DOI: 10.3390/f15010044 ISSN: 1999-4907

Annually Spatial Pattern Dynamics of Forest Types under a Rapid Expansion of Impervious Surfaces: A Case Study of Hangzhou City

Yuxin Zhu, Jingchuan Zhou, Mingyue Liu, Weidong Man, Lin Chen
  • Forestry

Dramatic forest dynamics strongly influence pressure mitigation from the increasing population and climate changes of an urban landscape. Effectively monitoring landscapes in a spatiotemporally consistent manner, satellite remote sensing has emerged as the first analytical tool to help us understand the changes in urban forests. At present, most studies focus on classification algorithms, spatial analysis methods, and ecosystem models, and the literature lacks spatiotemporally explicit research on the responses of different types of forests to urbanization. Thus, in this study, Hangzhou was selected as a typical metropolitan area to determine the annual spatial patterns of urban forests at a forest-type level. To illustrate the spatial pattern dynamics of different forest types resulting from rapid urbanization, this study characterized the Landsat-based spatial patterns of different forest types, as well as their annual changes from 2000 to 2022 using object-based backdating classification, land-use transfer matrix, area-weighted centroids, and landscape pattern indexes. The spatiotemporal effects of impervious surface expansion on forest pattern changes at a type scale were discussed.
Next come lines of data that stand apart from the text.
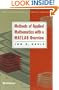 Methods of Applied Mathematics with a MATLAB Overview (Applied and Numerical Harmonic Analysis)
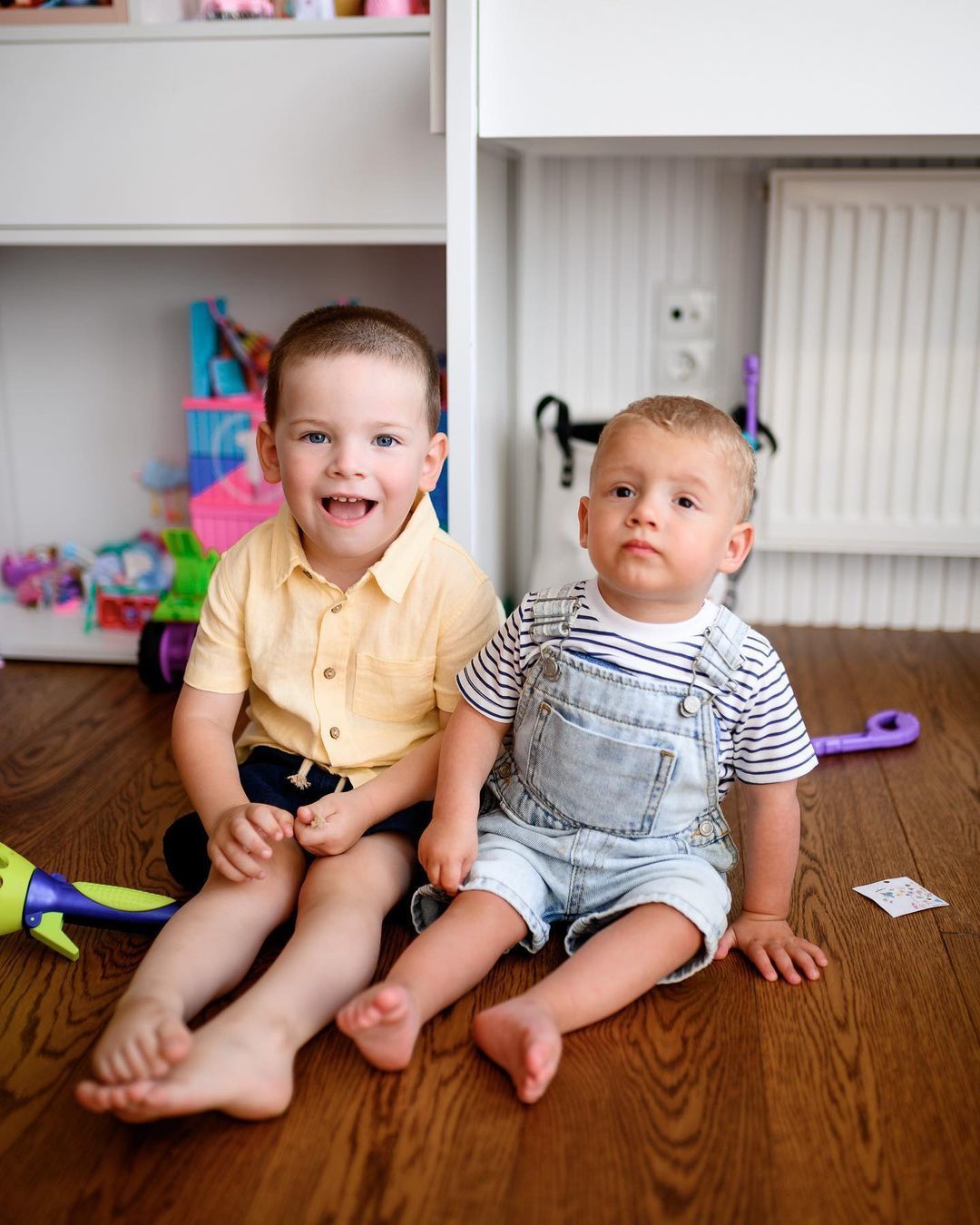 Сыновья Тимура Мирошниченко / © instagram.com/_inna_mi_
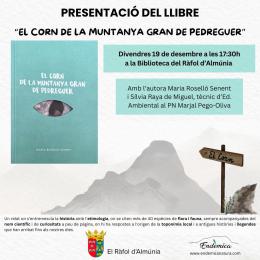 PRESENTACIÓN DEL LIBRO
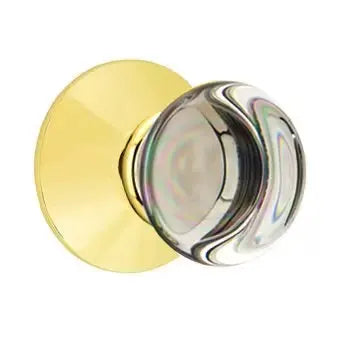 Emtek Providence Door Knob with Modern Rose by Emtek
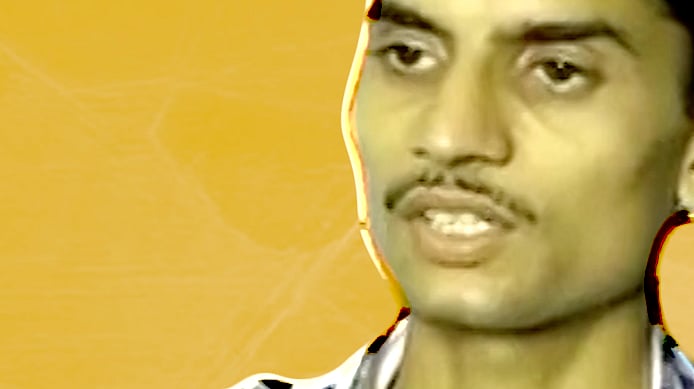 Vyapam scam whistleblower Ashish Chaturvedi. (Photo: ANI screengrab)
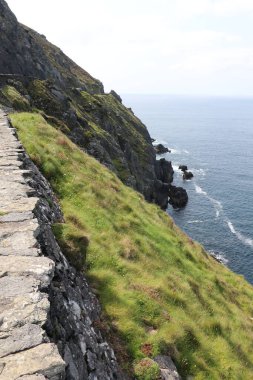 İrlanda 'daki vahşi Dingle Yarımadası' nın muhteşem manzarası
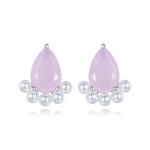 WWJ elegantsed pisaratilga kuupmeetrist tsirkooniumoksiidist k&otilde;rvar&otilde;ngad t&uuml;drukutele roheline/smaragdroheline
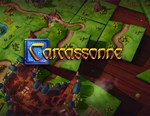 Carcassonne The Official Board Game (steam key)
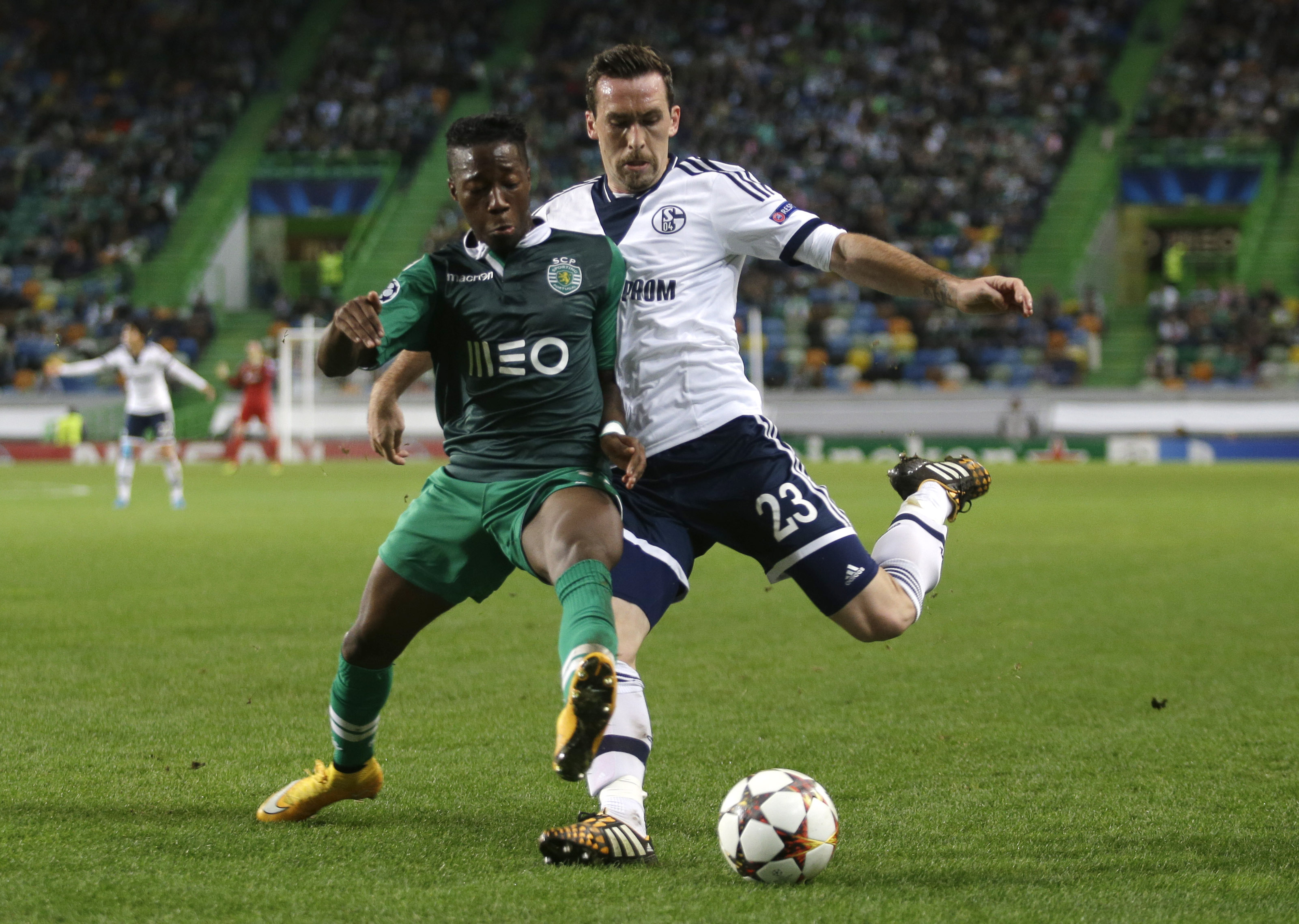 Спортинг Лисабон - Шалке 04 4:2 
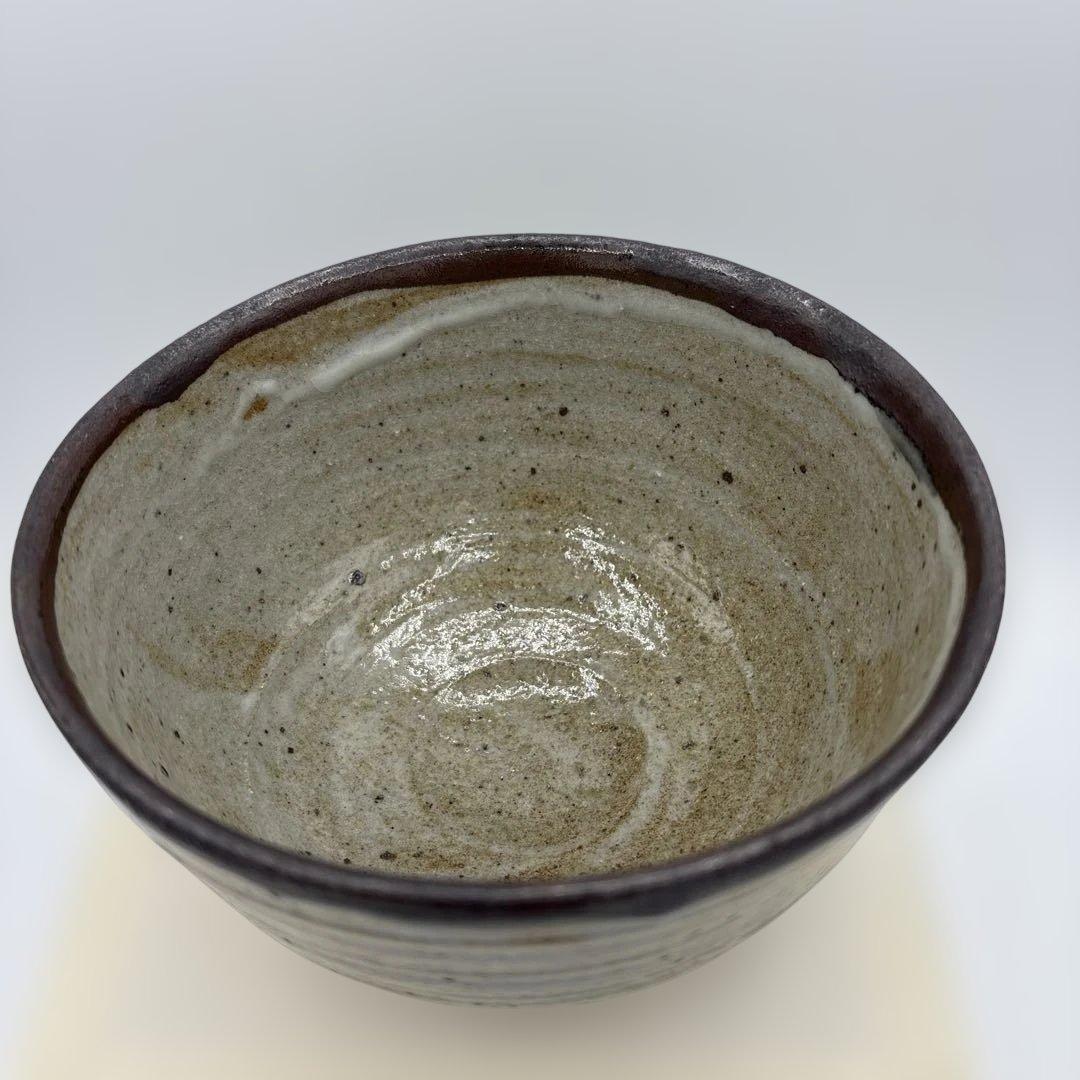 四代　真清水蔵六　左馬記念茶盌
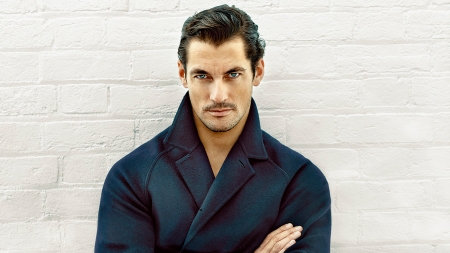 David Gandy - white, nlue, man, david gandy, model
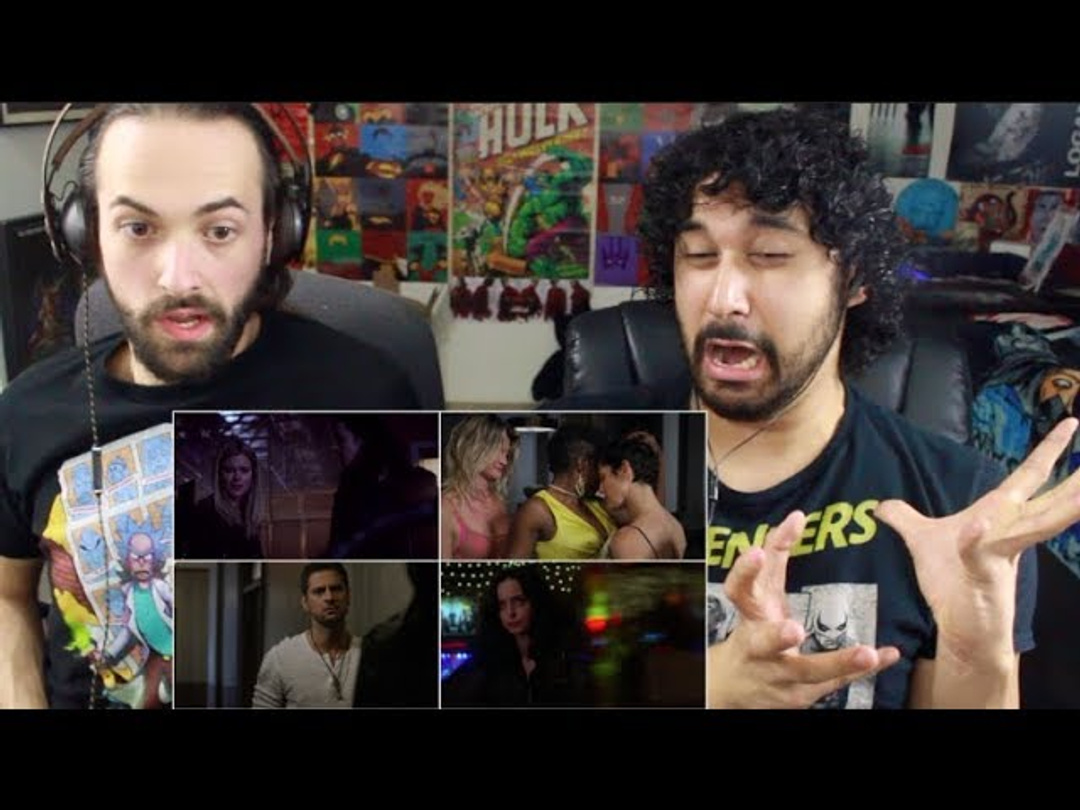 Jessica Jones 2x2 REACTION!!! "AKA Freak Accident"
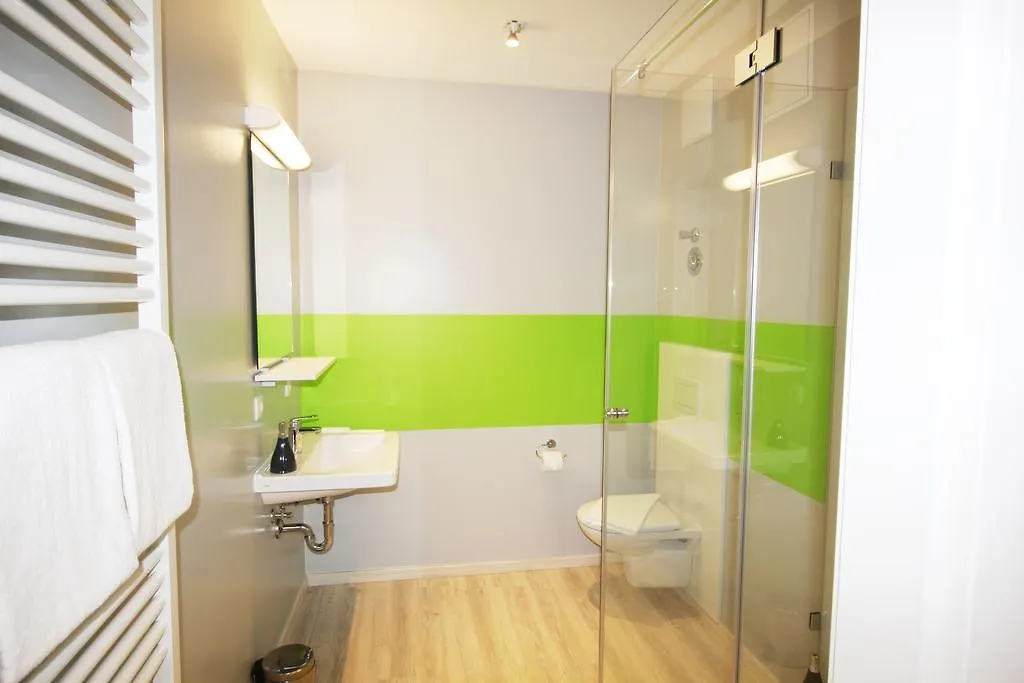 Aparthotel Gartenstadt بامبرج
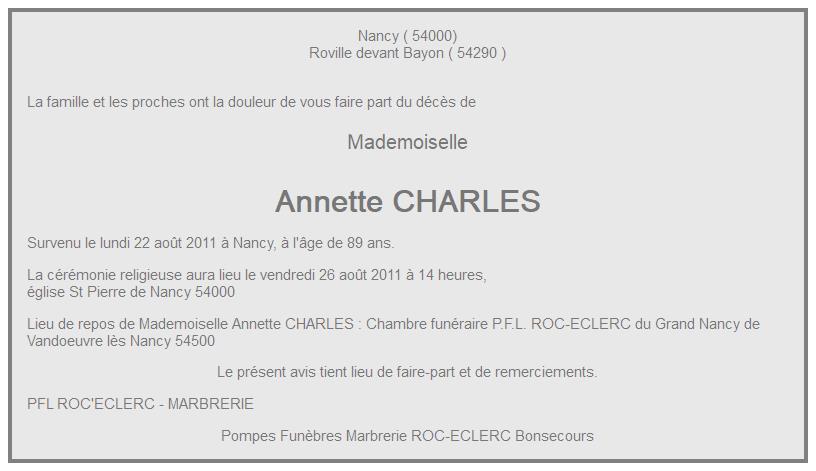 Image Annonce nécrologique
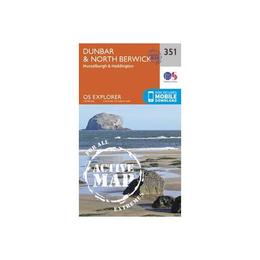 Dunbar and North Berwick, editura Ordnance Survey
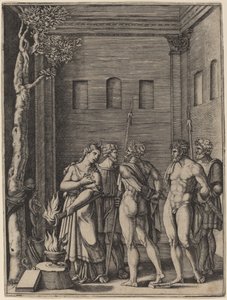Iphigenia Recognizing Her Brother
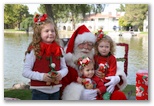 Santa at Christmas Island 2013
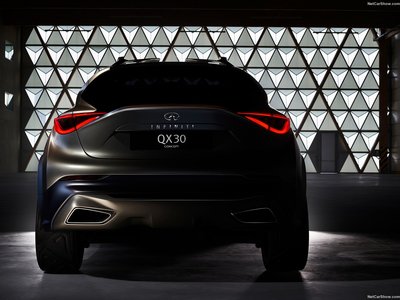 Infiniti QX30 Concept 2015 Poster with Hanger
The results demonstrated that forests, mainly located in the southwest, decreased from 11,660.69 to 11,516.15 km2. Moreover, evergreen broadleaved forests occupied the largest area and had the most decreased ratio among the three forest types over 23 years, followed by evergreen needle-leaved and deciduous broadleaved forests. In total, 103.37 km2 of forest areas transformed to impervious surfaces, with the highest annual transformation of area occurring among evergreen broadleaved forests widely across Hangzhou City and the lowest occurring among deciduous broadleaved forests. Forests lost adjacency due to the development of Hangzhou City, while this southwestward shrinkage slowed down over 23 years, resulting in the highest increase in the degree of evergreen broadleaved forest fragmentation. Therefore, measures of city planning according to the deep effects of adjustments of administrative divisions to forest suitability should be implemented, such as green ecological corridor construction. This research provides a Landsat-based methodology at a spatiotemporally explicit-scale perspective for better understanding forest changes under high-speed urbanization.